Les outils de développement des nouveaux alliages

Pour développer ces nouveaux alliages, les métallurgistes couplent souvent les essais expérimentaux (élaboration, mise en forme, caractérisation) à une approche d’Alloy Design numérique (de type approche CALPHAD, algorithme génétique, machine learning ou approche ab-initio, …) et à leur expertise propre liée à la connaissance du domaine et de l’influence des éléments d’alliage et des impuretés sur le comportement à l’état liquide (facilité de mise en forme) et sur les propriétés fonctionnelles après solidification. De plus, à la limite de plusieurs disciplines métallurgiques (alliage ferreux, alliage non ferreux), le développement des nouveaux alliages semble fortement tiré en avant par la fabrication additive métallique et par la possibilité de réaliser des batch de poudre de faible quantité pour des productions sur mesure.
Conclusions
Les nouveaux alliages sont constitués de nombreuses familles (verre métallique, HEA, alliage intermétallique, bi matériaux, ….) assez différentes. Encore assez onéreux (par leurs éléments d’alliages, …, leur mise en forme), ces nouveaux matériaux, encore en développement pour certains et à faible TRL, sont réservés aujourd’hui à des secteurs à haute valeur ajoutée (luxe, aéronautique, …) où ils apportent des propriétés fonctionnelles spécifiques.
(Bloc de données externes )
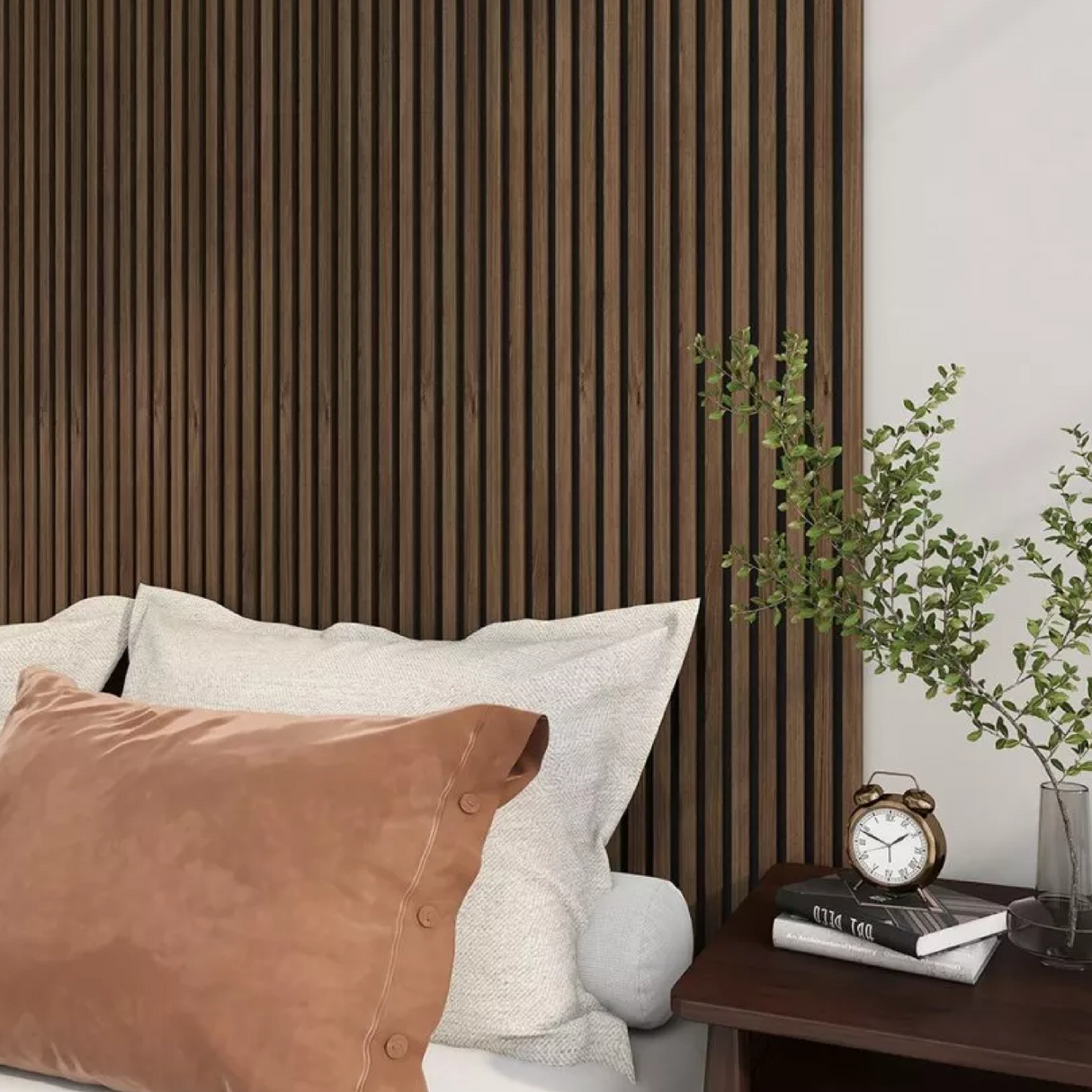 Doga Flessibile in legno Noce  Fonoassorbente 60 cm  x 290 cm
Ces nouveaux matériaux ne sont clairement pas amenés à se substituer aux matériaux traditionnels (aluminium, acier, fonte, …) comme l’aluminium n’a pas remplacé l’acier ou la fonte. Si ces nouveaux alliages constituent actuellement des niches (en termes de chiffre d’affaires), certains familles pourraient à l’avenir prendre une part de marché plus importante si leur coût de fabrication les rendait accessible à des marchés de masse (automobile, électroménager, …). Enfin, l’impression 3D métallique booste le développement de ces nouveaux matériaux métalliques spécifiques.
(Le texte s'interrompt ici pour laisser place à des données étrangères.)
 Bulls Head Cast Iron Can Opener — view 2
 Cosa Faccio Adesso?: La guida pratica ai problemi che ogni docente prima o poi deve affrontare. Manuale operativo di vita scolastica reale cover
Merci pour cet article qui m’a appris pas mal de choses utiles.
Bonjour Paul et merci de votre retour très positif. C’est l’objectif de MetalBlog que de mieux faire connaître les différentes technologies au sens large (métallurgie, procédés, …, outils de calcul) utilisées et développées au CTIF pour ses clients.
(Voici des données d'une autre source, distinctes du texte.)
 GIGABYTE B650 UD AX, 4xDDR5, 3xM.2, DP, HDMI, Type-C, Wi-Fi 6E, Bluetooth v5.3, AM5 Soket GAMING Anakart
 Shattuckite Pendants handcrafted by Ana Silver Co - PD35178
Merci pour cet article fort intéressant, ainsi que pour tous les autres parus cette année. Bravo à toute l’équipe de Métal Blog, bonnes fêtes de Noël, joyeux Nouvel An et à l’année prochaine !
Bonjour Guy. Un très grand Merci pour vos compléments qui vont nous faire rougir (à 1500°C) et nous font chaud au cœur. Nous remercions avec vous tous les auteurs pour la qualité de leurs articles et vous souhaitons d’excellentes fêtes de fin d’année.
s »il vous plait jai besoin d’un peu d’aide je cherche les aliages a memoire de forme dans l’industrie telephonique
Bonjour et très bonne question un peu pointue. Les alliages à mémoire de forme étaient utilisés anciennement pour les antennes de smartphones, mais ce marché à disparu. Il n’est pas certain que l’industrie téléphonique utilise ce matériau, mais ce marché est très dynamique et les nouveaux modèles apparaissent à un rythme soutenu, donc difficile de suivre tous les développements en cours.